We will be honest with you about fit, because that honesty is the entire point of this library: open All-Age field trials are not a natural home for a Wirehaired Pointing Griffon. But there is real opportunity in the Gun Dog stakes, and any serious owner should understand how the ladder works.
How a Field Trial Runs
Dogs run in braces — pairs — on a course where birds have been set. Judges follow and compare performances, then award placements. Points toward a championship are awarded to the first-place dog (and in some configurations lower placements), and the size of those points depends on how many dogs started. The more dogs entered, the more a win is worth. Every dog must be AKC-registered and at least six months old. The Wirehaired Pointing Griffon is an eligible breed for all pointing-breed field trials.
Here is a plain, on-the-ground look at what attending an AKC pointing field trial actually involves — the stake-outs, the breakaway, the brace, and the call-back retrieves — from an owner who runs them.
The Stakes, Entry-Level to Advanced
| Stake | Age | What is judged | Steadiness | Format |
|---|---|---|---|---|
| Puppy | 6–15 months | Desire, boldness, ground coverage, indicating game | Not required | Walking, 15–30 min. |
| Derby | 6–23 months | Keen desire, bold independent running, finding & pointing game, “future promise” | Not required | Walking, 20–30 min. |
| Gun Dog | 6 mo.+ | Finished, polished work at foot-handler range; staunch point; steady to wing & shot | Required | Walking or horseback, 30 min.+ |
| All-Age | 6 mo.+ | Wide, forward-moving, independent range; staunch point; steady to wing & shot | Required | Often horseback, 30 min.+ |
Source: AKC Pointing Breed Field Trials.
The Puppy and Derby stakes are for young dogs and judge promise rather than polish — no steadiness is required, though a placed dog must have indicated or pointed game. The Gun Dog stake asks for a finished performance at a range suitable for a handler on foot, checking in regularly and never ranging out of sight for long. The All-Age stake rewards the opposite temperament: a wide, forward-driving, independent dog that hunts the country on its own judgment and rarely looks back to the handler. There are also Limited versions of each, restricted to dogs that have already placed.

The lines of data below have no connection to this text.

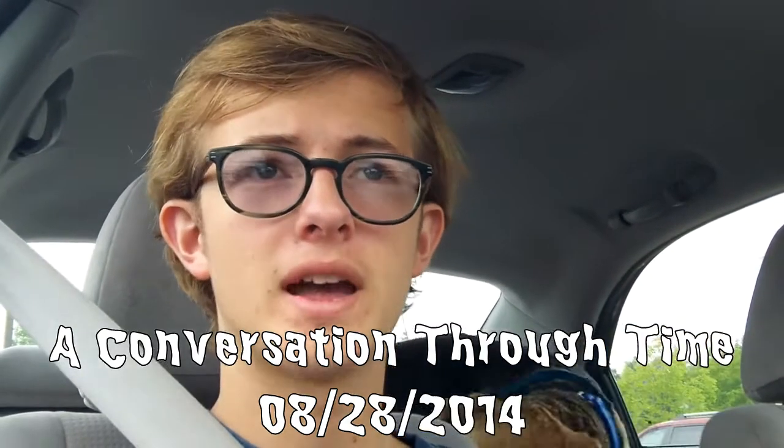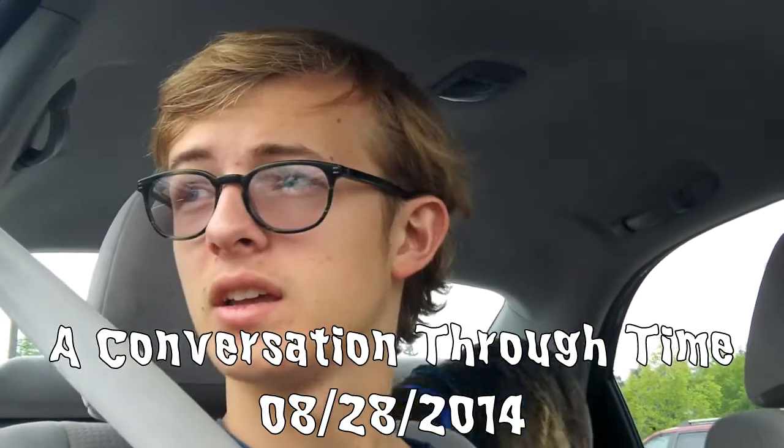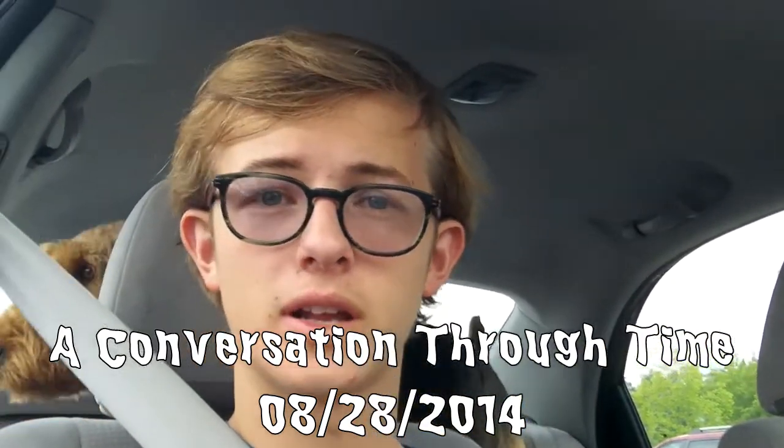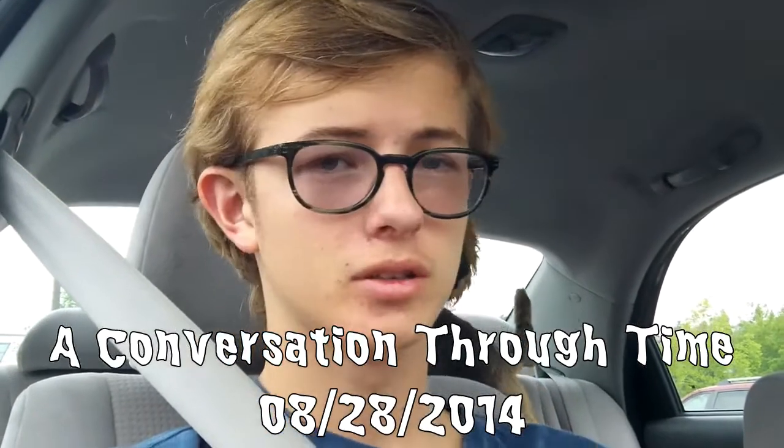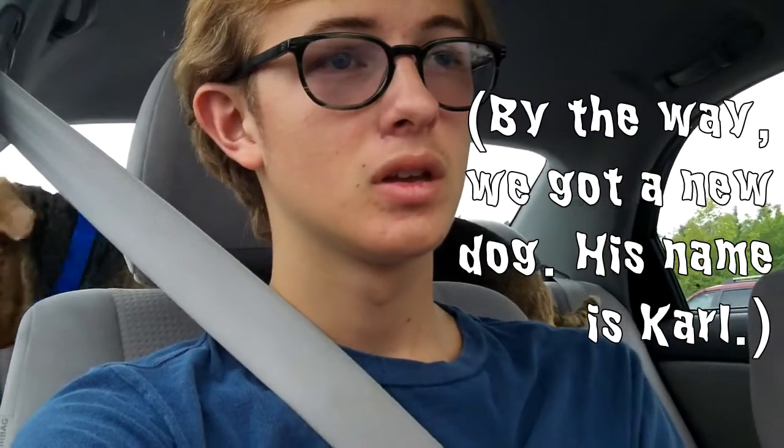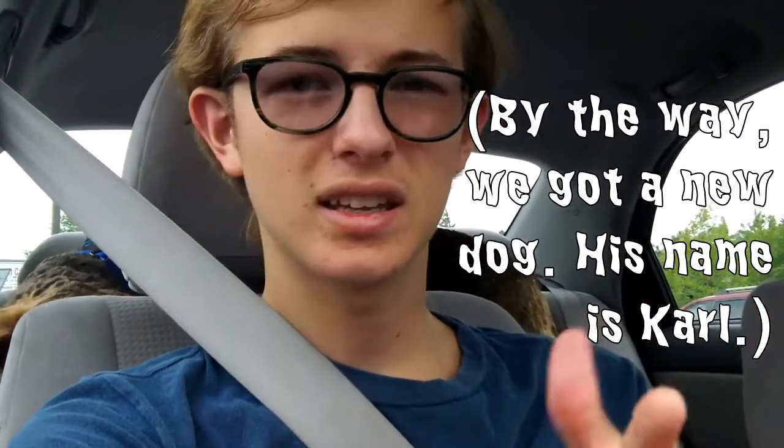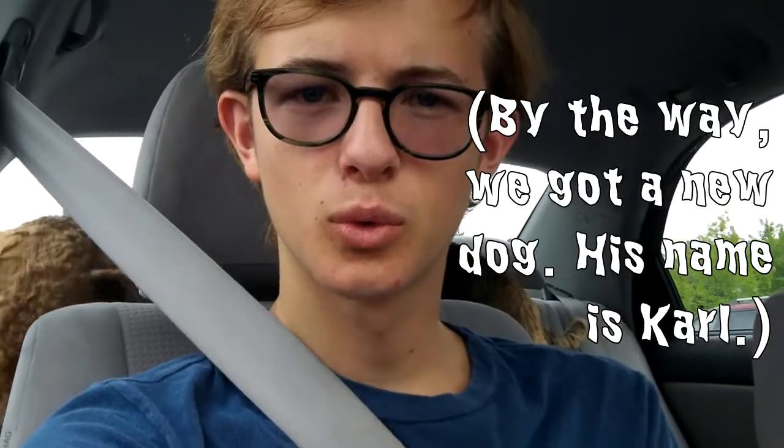A couple videos back I said that when I uploaded these, the project was going to be a little jumbled because I had either missed a video or did a video on a day that didn't need one. So to get things back on track, I did a video yesterday and I'm doing one today, and tomorrow will be a future video. I think that should work out. Hopefully.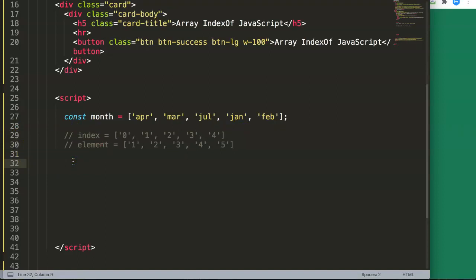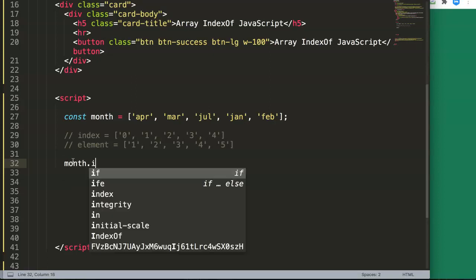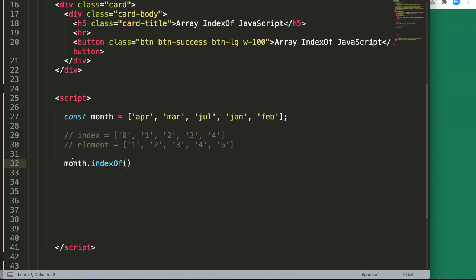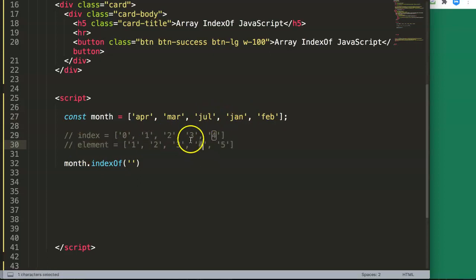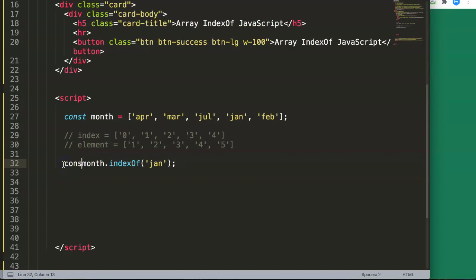Now let's use the method. We write 'months.indexOf' with a capital O, and then pass in the value we're looking for — for example, 'January'. If you understand the explanation, you know January has an index of number three and is the fourth element. Let's wrap this in a console.log, save it, and refresh.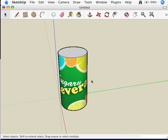That's the end of Adding Photos to Faces for Chapter 7 of Google SketchUp for Dummies.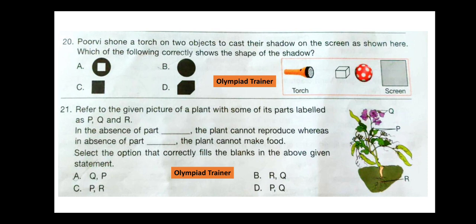Question 21. Refer to the given picture of a plant with some of its parts labeled as P, Q, and R. In the absence of part blank, the plant cannot reproduce, whereas in the absence of part blank, the plant cannot make food. The correct answer is option A. In the absence of part Q — i.e. flower or fruit — the plant cannot reproduce, whereas in the absence of part P — i.e. leaves — the plant cannot make food.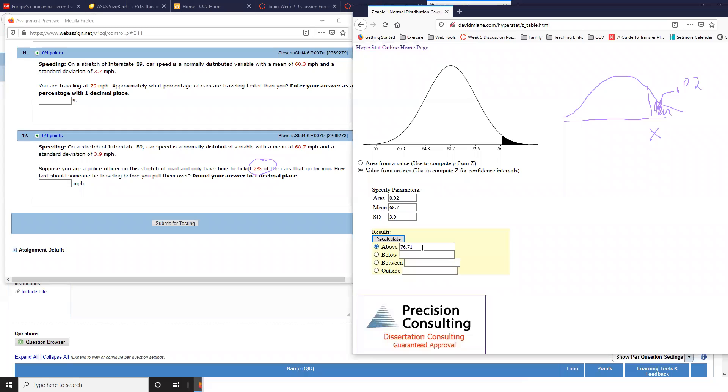And lo and behold, I only want to ticket anybody going faster than—what do they want? One decimal place to make WebAssign happy. So 76.7. Okay. Pretty easy, huh?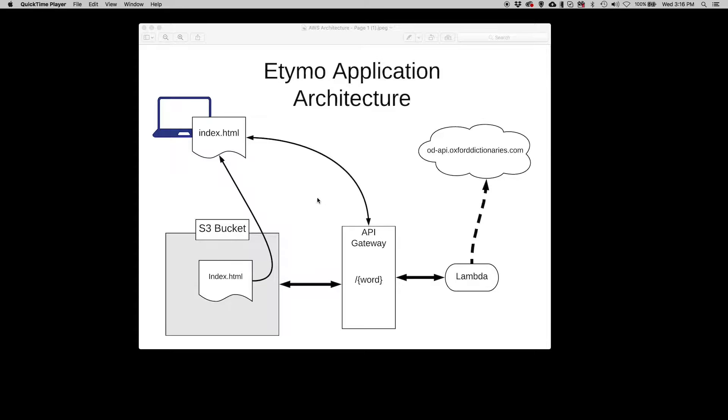Behind the scenes, there's an API Gateway that takes a word as a path URL, and the API Gateway passes that word to a Lambda function.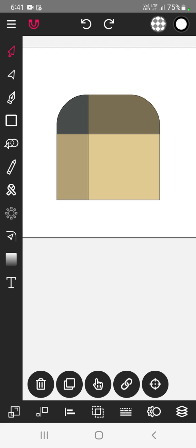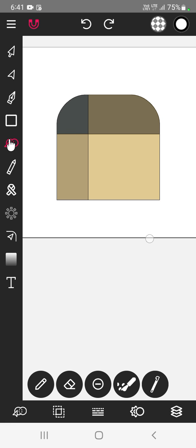This is how we can build, select and build different paths using path builder tool. Thank you for watching. Anuruddha's Creative Learners.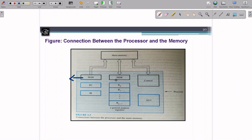Then we have MDR — Memory Data Register. Its job is to store the data residing inside MDR to memory, or it can fetch the data from main memory to MDR. Both directions are accepted, so the connection is bi-directional. MAR is unidirectional; MDR is bi-directional.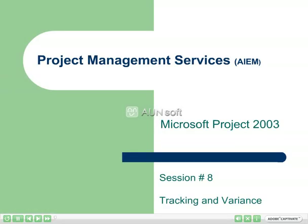Hello and welcome to AIEM's Introduction to Microsoft Project 2003 video sessions. This is the eighth video in the series and introduces tracking and variance.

All-Age competition favors the fastest, widest-ranging dogs — the classic Pointer and English Setter type, often run from horseback across big country. A Griffon’s close-working, cooperative, foot-hunter style is at a real disadvantage there. The Gun Dog stake, judged at handler-on-foot range, is a far better match. If your goal is competitive trialing in a Griffon’s natural style, NSTRA is usually the better road than open AKC All-Age.
Field Champion (FC) and Amateur Field Champion (AFC)
The titles at the top of this ladder are Field Champion (FC) and Amateur Field Champion (AFC). Earning an FC takes 10 championship points accumulated at a minimum of three licensed or member field trials, with structural requirements baked in: at least 3 of those points must come from a single win in an Open adult stake (Open All-Age, Open Gun Dog, or their Limited versions), no more than 2 points may come from Puppy and Derby stakes combined, and no more than 4 of the 10 may come from first place in Amateur stakes.
Championship points by number of starters (first place, Open stakes)
| Starters in the stake | Points for 1st place |
|---|---|
| 4–7 | 1 |
| 8–12 | 2 |
| 13–17 | 3 |
| 18–24 | 4 |
| 25 or more | 5 |
Source: AKC Pointing Breed Field Trials regulations.
The AFC carries the same 10-point requirement but is earned entirely in Amateur stakes, under the amateur restrictions. Because points scale with the field, a win at a big, well-attended trial is worth far more than a win where only a handful of dogs showed up — the heart of what makes a trial a competition rather than a test.
A hunt-test leg you can earn alone, against a standard. A field-trial point you can only earn by beating the dogs who showed up — which is why the entry list matters as much as your dog.
The Honest Verdict for Griffon Owners
AKC field trials are a legitimate, historic sport, and the AWPGA does recognize AKC Field Championship titles in its awards program. But for most Wirehaired Pointing Griffons, the Gun Dog stake is the realistic ceiling, and open All-Age trialing fights the breed’s nature. If you want to test your dog competitively in a format built around its strengths, look hard at NSTRA and the UKC pointing program — and remember that for measuring a Griffon’s full versatility, NAVHDA remains the gold standard.